This exercise calls for the line with "个性化青铜和铜初始袖扣", the line with "ZYTOYS 1/6 ZY5027A/B", and all lines between them in the material below, output exactly and with no other lines.

# Exercise inputs
--------------------

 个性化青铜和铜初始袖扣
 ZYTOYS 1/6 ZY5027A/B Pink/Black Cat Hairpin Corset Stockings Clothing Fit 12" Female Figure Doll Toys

--------------------

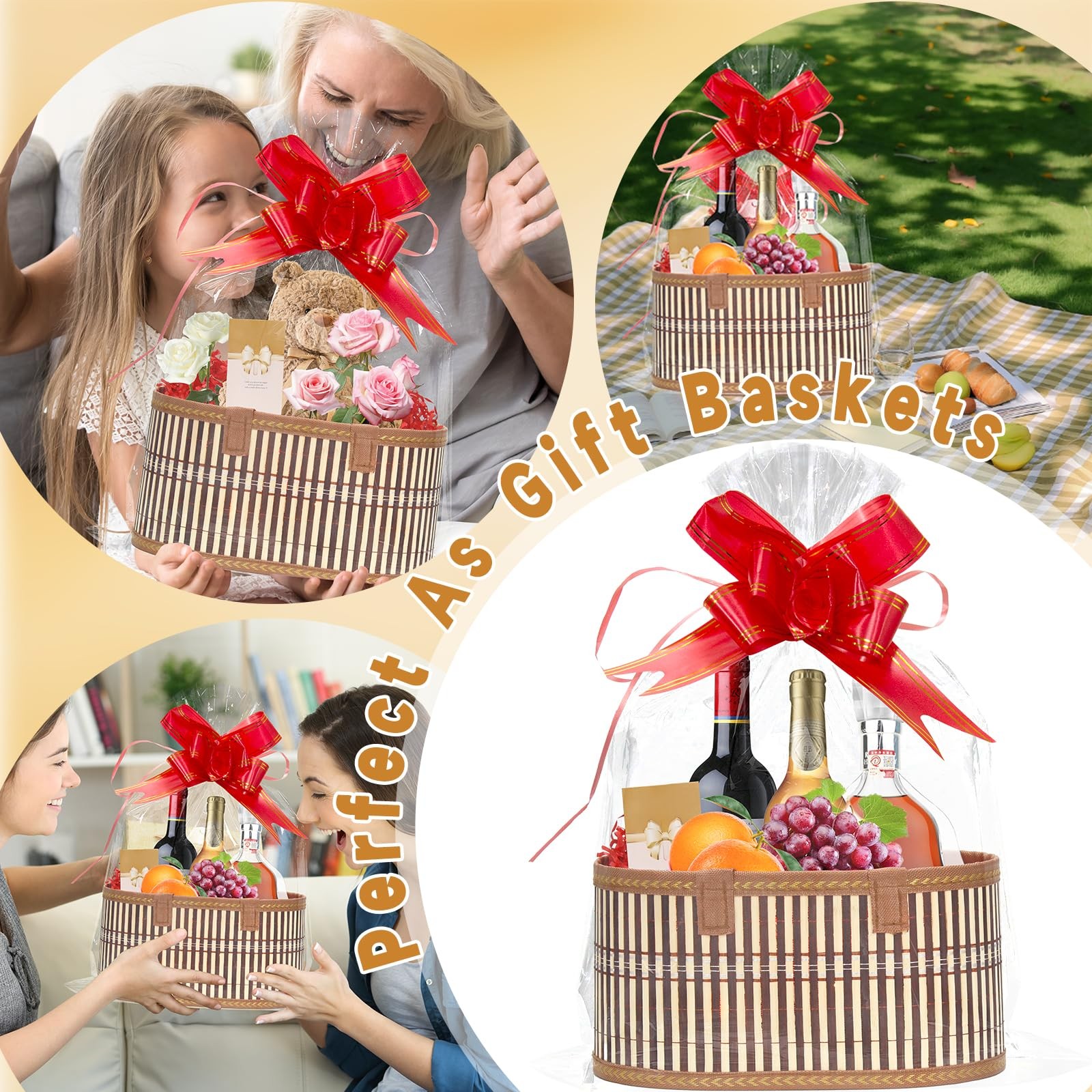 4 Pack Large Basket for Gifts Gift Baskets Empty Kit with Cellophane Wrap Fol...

--------------------

# Answer for the task
 个性化青铜和铜初始袖扣
 ZYTOYS 1/6 ZY5027A/B Pink/Black Cat Hairpin Corset Stockings Clothing Fit 12" Female Figure Doll Toys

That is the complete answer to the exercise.